_DATA BLOCK:_
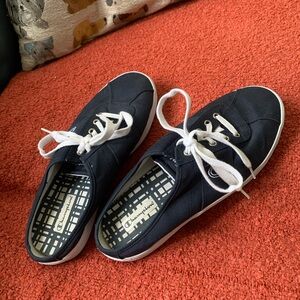 Champion Women’s Navy Canvas Mule Slides, Size: 8-1/2, in great condition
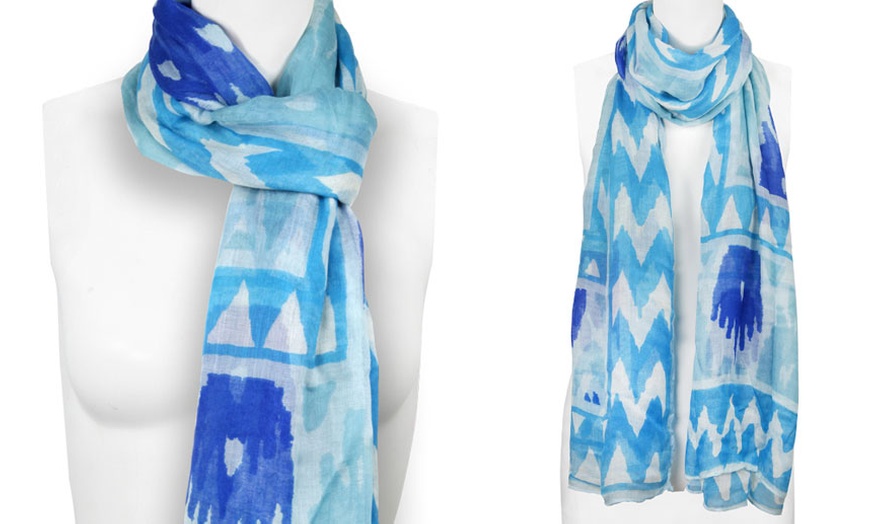 Image 9: Pia Rossini Scarves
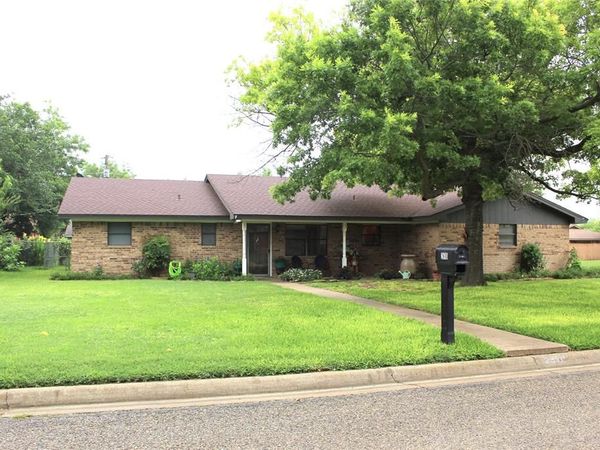2610 Jasmine Street , Stephenville, TX 76401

_EXERCISE BRIEF:_ Restate all of the material above word for word, excluding the pictures.

_ANSWER SECTION:_
 Champion Women’s Navy Canvas Mule Slides, Size: 8-1/2, in great condition
 Image 9: Pia Rossini Scarves
2610 Jasmine Street , Stephenville, TX 76401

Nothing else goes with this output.